Kieren shrugged, seeming to turn within himself. “Where’s Brady?” he asked, still not meeting my eyes.

“He stayed down,” I explained. “We think we found out where Piper went. So he followed her.”

Kieren nodded, appearing somehow relieved. I heard him exhale, and a slight shuddering sound made his breath uneven.

“What is it?”

He shrugged again. “I’m so happy you’re okay,” he said, finally looking up at me.

Sage approached the table then, after what had been a long and whispered exchange with John in the kitchen. She carried a large tray, with several bowls wobbling on top of it.

“Okay, hot soup! Watch that your tongues don’t get burned.”

“We actually have to go,” Kieren said, beginning to stand. “Thank you, though.”

“You’ll have some soup first.”

Kieren looked to me, and I supposed my face couldn’t hide the fact that I was starving. The last thing I had eaten was the stale bread that I had thrown up in the alley. I was finally feeling better, now that the antibiotic shot had completely kicked in.

We stayed and ate our soup, and I even went back for seconds. After a bit, Sage finally cleared her throat.

“About what’s down there,” Sage began, out of nowhere. “About what’s under the lake . . . we wanted to warn you.”

I sat back and listened. I was done eating, and didn’t really want to think anymore about that horrible world down there.

“You went into the hotel, I presume?” she asked. John came over and joined her, and for the first time, a sympathetic expression came over his face.

“Yes.”

Sage sighed. She turned to her husband. “John?”

John too cleared his throat, and for an awkward moment, this felt like one of those horrible movies where the parents sit the kids down to discuss the birds and the bees, and the children pretend that they don’t already know about them. Besides, there was really nothing to say. The plane that existed under the lake was an anomaly. Something horrible had happened down there, and it didn’t matter. Because it wasn’t real.

“We made a mistake,” John said, a deep sadness filling his voice. “We shouldn’t have created that portal. We’ve regretted it since, but we can’t undo it.”

Kieren looked to me, obviously wanting some explanation of what I had seen down there.

“But you should know,” John continued. “That’s not your mother. Your mother is a kind and lovely woman.” He exchanged a look with Sage, who nodded for him to continue. “She’s our friend.”
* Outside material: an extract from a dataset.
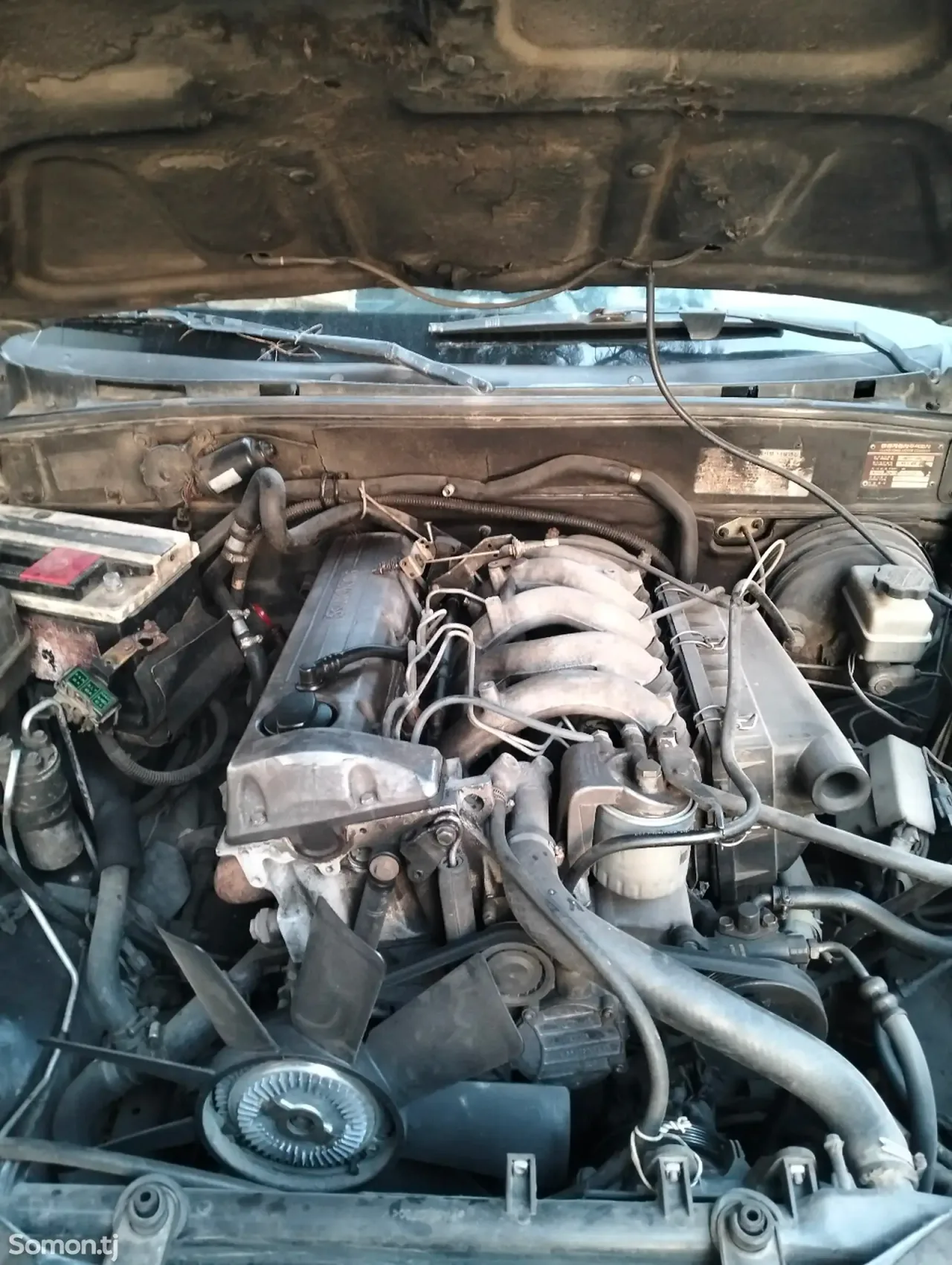 Ssang Yong Musso 1995 · 2.5 MT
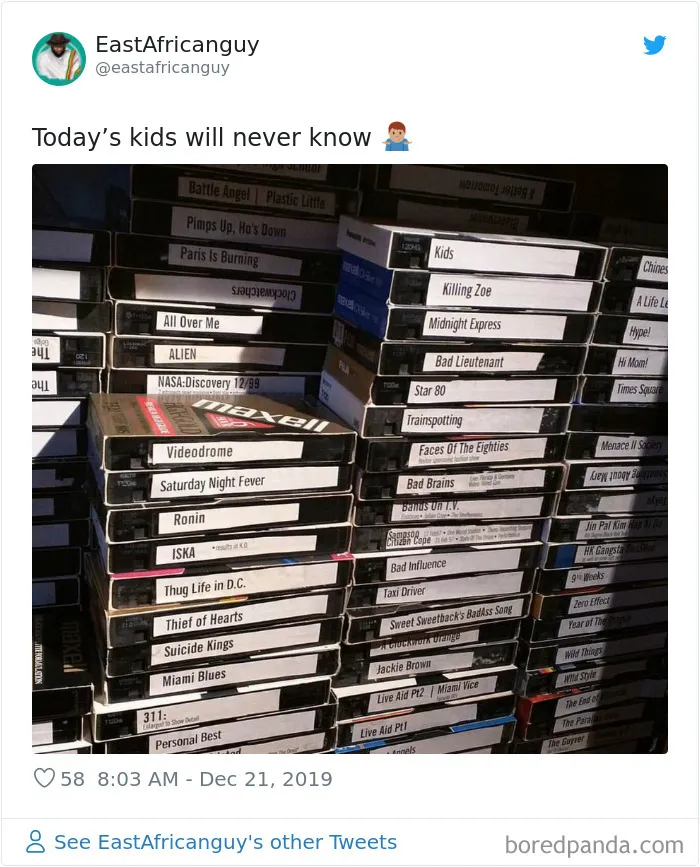 46 Tweets About The Things “Today’s Kids Will Never Know”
“She’s our dear friend,” Sage agreed.

“And our job now,” John continued, “is to keep that plane separate from ours. You remember what we said? About your brother, and the crossing of the planes? Marina, that is why it is so important for him to come out.”

“What are they talking about?” Kieren asked me.

“I’ll tell you later,” I promised. “Let’s just go.”

Kieren stood up and I joined him. “Thank you for the soup,” I said to Sage, and we turned to leave the apartment. “You’ll keep an eye out for Brady and Piper. They’re going to be coming back through the lake.”

Sage nodded. “Of course.”

Kieren and I began to leave, but I could hear Sage shuffling behind me.

“Marina?” she said, standing to watch us go. “With your brother—with Robbie, I mean—it has to happen soon, dear.”

“M? What’s she saying?” Kieren whispered to me.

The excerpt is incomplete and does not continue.